Bradley notes obvious frustrations. For one, he has reduced the frequency with which he goes to cover protests due to the hostility he has received in recent weeks over his profession combined with his nationality, with his Egyptian colleague being able to blend in, "whereas I stick out way too much." There has, however, been one major upside. As a result of the military being keen to show their support base in Egypt and have a much more visible presence in politics, they now have a military spokesperson who Bradley can contact directly, whereas prior to July 3 "it was impossible to get hold of anyone in the military." They even flew him in a military helicopter so he could get a bird's eye view of pro-military supporters.
Bradley has also worked in Gaza, and notes an interesting nuanced comparison in covering a war zone such as Gaza and his work in Egypt. Whereas in a war zone the enemies are aware of each other and journalists are not the target, "in Egypt, mobs of people can suddenly become extremely angry and dangerous towards you if even one person suggests you're a spy, and that situation is frightening."

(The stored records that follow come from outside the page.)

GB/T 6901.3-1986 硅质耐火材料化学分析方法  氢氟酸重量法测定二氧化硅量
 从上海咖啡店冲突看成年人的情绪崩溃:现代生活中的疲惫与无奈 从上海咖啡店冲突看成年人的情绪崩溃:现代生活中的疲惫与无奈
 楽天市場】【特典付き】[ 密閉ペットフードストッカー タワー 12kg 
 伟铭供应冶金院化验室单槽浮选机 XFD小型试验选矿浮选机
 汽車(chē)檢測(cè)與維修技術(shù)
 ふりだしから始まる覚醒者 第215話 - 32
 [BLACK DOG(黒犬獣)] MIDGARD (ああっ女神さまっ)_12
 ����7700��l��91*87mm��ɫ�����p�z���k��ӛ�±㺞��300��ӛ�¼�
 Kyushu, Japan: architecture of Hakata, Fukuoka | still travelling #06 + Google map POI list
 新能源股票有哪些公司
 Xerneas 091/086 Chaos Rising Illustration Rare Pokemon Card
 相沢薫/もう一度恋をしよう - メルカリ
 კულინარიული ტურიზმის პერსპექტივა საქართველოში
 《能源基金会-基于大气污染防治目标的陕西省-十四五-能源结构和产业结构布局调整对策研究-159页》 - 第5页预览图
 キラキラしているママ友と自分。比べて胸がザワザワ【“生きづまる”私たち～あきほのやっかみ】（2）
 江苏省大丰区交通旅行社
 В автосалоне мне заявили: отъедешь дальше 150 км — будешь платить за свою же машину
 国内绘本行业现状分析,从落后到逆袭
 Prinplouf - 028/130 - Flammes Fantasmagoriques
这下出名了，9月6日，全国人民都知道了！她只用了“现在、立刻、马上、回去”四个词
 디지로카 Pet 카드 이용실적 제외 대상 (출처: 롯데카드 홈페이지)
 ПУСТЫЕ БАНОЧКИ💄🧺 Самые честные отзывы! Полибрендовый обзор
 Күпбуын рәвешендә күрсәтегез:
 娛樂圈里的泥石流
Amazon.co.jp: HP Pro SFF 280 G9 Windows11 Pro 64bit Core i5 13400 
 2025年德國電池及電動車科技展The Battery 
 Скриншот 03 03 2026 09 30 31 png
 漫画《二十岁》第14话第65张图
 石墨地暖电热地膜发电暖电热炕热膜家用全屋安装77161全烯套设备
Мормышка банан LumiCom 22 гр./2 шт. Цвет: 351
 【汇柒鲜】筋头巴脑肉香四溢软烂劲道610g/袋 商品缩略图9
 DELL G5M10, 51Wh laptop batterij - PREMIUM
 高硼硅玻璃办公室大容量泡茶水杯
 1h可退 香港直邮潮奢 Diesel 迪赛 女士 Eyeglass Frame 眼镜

Patrick Kingsley, The Guardian's Egypt correspondent, refers back to his training as a reporter and objectivity: "I spent six months reporting on the failures of the Morsi regime and why he was forced out of power, but I won't use the failures of the Morsi regime as an excuse to not report on wholesale human rights abuses committed against them after Morsi's fall. If people expect us to present evidence unfavorable to Morsi during his regime, then they should also understand why journalists are going to present similar evidence of the regime that came after him if that is the case. That's your job as a journalist."
Kingsley understands that while as a "foreigner" doubts will always be raised about "how much I know about the country's history and culture," he also understands that this dismissal of his knowledge or understanding is used to undermine his credibility and his work if it does not fall in line with the wholesale narrative that is being churned out by Egyptian media. However, he remains undeterred, and while he has unfortunately had disturbing experiences that have threatened his safety, he is acutely aware that Egypt and indeed, Egyptians, are going through a turbulent transition, and aware that these challenges are part and parcel of any correspondents' role in covering such a transition.
After I spoke to Bradley and Kingsley, I asked my father and uncle, out of curiosity, if they ever thought about reading a report by a Western journalist on Egypt. Dad answered without hesitation, while my uncle nodded in agreement: "What do they know? They are being paid to sell only side of the story." The irony wasn't lost on me.